Fall TV Viewers Face Conservative Season

IF treading water constitutes a policy, if a holding action qualifies as a strategy, then the three major commercial networks can claim to have a battle plan of sorts as their fall season draws near.

Beyond that, the new series being offered on prime time suggest a kind of default to the safety-first approach that has often been network broadcasting's recourse over the decades. Only last fall, ABC and NBC were taking a modestly venturesome step into a territory - call it youth appeal - that had been Fox country for several seasons. ABC's "The Young Indiana Jones Chronicles" and NBC's "The Round Table," for instance, were ushered in, while solid but graying winners like 'Matlock" and "The Golden Girls " were foolishly ushered out.

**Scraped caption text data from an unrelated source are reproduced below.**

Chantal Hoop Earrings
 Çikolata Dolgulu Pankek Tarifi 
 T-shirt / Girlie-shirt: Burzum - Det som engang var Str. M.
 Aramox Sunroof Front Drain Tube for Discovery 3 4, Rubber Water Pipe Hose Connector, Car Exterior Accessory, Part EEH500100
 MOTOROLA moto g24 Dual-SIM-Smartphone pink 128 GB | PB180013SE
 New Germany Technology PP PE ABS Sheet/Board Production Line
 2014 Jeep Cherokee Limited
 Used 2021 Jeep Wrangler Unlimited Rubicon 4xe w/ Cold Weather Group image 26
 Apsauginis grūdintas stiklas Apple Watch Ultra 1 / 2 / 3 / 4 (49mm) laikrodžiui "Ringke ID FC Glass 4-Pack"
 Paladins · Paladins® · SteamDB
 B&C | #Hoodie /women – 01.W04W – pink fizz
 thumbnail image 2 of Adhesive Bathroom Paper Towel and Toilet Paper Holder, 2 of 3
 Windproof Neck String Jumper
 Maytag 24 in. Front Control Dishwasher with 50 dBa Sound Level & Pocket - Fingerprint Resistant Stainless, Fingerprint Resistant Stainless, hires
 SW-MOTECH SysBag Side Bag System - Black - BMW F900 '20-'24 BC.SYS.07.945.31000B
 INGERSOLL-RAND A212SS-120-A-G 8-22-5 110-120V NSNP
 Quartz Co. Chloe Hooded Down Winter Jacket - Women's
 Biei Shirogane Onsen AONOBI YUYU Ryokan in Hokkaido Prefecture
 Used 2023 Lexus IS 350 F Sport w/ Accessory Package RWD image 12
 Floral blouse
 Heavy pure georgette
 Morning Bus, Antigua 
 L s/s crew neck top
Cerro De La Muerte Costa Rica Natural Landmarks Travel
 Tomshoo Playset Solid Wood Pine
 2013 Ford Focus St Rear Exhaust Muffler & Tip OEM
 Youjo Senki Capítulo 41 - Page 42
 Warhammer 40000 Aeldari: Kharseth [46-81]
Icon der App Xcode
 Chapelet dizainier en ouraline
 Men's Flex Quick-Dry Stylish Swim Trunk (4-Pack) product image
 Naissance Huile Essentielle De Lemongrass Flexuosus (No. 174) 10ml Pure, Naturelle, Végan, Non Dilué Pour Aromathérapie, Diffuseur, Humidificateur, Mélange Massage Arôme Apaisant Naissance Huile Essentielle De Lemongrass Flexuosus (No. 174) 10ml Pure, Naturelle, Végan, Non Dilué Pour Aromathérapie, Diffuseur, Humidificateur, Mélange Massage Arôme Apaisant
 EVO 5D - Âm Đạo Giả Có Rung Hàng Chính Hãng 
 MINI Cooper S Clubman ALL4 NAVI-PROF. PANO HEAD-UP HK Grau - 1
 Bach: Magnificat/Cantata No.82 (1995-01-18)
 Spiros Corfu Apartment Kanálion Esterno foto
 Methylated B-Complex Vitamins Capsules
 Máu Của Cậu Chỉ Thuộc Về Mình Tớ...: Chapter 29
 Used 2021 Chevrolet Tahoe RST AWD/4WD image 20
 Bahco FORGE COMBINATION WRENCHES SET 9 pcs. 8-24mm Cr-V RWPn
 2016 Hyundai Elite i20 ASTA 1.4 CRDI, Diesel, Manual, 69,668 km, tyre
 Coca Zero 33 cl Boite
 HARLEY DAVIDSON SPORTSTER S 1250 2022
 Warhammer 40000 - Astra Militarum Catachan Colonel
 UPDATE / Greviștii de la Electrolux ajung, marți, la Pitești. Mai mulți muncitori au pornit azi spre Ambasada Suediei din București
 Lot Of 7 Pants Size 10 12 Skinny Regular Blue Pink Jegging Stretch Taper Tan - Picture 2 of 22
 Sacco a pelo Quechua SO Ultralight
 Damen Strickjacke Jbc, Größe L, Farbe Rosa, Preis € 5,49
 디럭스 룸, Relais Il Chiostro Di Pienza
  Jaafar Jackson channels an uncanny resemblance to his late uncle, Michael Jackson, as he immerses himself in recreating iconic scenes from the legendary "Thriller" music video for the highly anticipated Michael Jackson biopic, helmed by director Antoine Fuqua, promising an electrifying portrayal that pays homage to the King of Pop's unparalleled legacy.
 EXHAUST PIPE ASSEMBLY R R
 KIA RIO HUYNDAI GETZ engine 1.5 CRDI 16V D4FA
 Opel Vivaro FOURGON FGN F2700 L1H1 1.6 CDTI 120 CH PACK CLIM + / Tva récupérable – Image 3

By contrast, this coming fall's lineup on ABC, CBS, and NBC is distinctly unremarkable. It does include several series built around single parents. It has more news magazines and fewer of some other types of reality shows like "Top Cops." But the youth campaign is missing, replaced by a schedule that, on the whole, is careful, restrained, and largely devoid of anything suggesting a new direction.

If you think one reason for this is the failure of many of last season's youth-oriented shows, you're right. But even larger problems are reinforcing the networks' timidity. For one thing, their slice of the TV-viewing pie - "share" in industry lingo - has been declining for the past several years. During prime time, networks are still far ahead of any other form of TV, reaching about 71 percent of the people watching the tube (if you include Fox). But syndicated shows like "Time Trak" have been invading

prime time, competing for viewers. In addition, as the advertising agency McCann-Erickson points out, money trouble has forced networks to produce more shows in-house, reducing the likelihood of groundbreaking ideas from the outside.

The agency also cites recent attacks on offensive program content as contributing to this fall's neoconservatism, although that hasn't stopped ABC, on Tuesdays, from scheduling "NYPD Blue." It's the new lineup's most boat-rocking program and one that has already generated controversy. The show's creator, Stephen Bochco, is also responsible for the award-winning 1981 series "Hill Street Blues." Reports say his new show "pushes the envelope" of TV acceptability - a trendy way of saying it has an unpreceden ted level of sex, explicit language, and violence.

But meanwhile, even a sampling of the new series tells a story of shows trying not to rock the boat - especially the financial boat. On Mondays, for instance, CBS is launching "Dave's World," with "Night Court's" Harry Anderson playing what CBS calls "a child of the '60s trying to survive in the '90s, confronting the absurdities of life - as husband, father and semi-responsible citizen." The format is standard sitcom - a family drama built around an agreeable star.

Tuesday includes "Phenom," a sitcom about a teenager typical in many ways except that she's a "phenomenal" tennis player who has big-time potential. She also has a mom who wants to keep her "normal.' It's a convenient formula for light-weight tensions that accommodate gag lines and are resolvable in 30 minutes minus commercials. On the same night, NBC is airing "Second Half," about a divorced father trying to relate to three teenage daughters. Another single parent is the basis for Wednesday night's "The a" on ABC, about an African-American woman with two jobs and four children. And still another single parent is featured on "Angel Falls" Thursdays on CBS, in which a single mother returns to a small town in California to raise her son.

On Friday, NBC's "Against the Grain" goes unswervingly with the grain, being a mainstream sitcom about a family in a Texas town where football is life. Saturday's "Cafe American" on NBC puts a divorced American mother in charge of a Paris cafe catering to Americans, and on Sunday "Lois and Clark" (sorry, but that's the title) reduces Superman, Clark Kent, and Lois Lane to sitcom status.

There's much more to the season than this, of course. Among the anomalies, for instance, is a somber series on NBC called "John Larroquet" about a recovering alcoholic. But basically the networks are biding their time. And in today's fast-changing and unpredictable TV universe, well they might.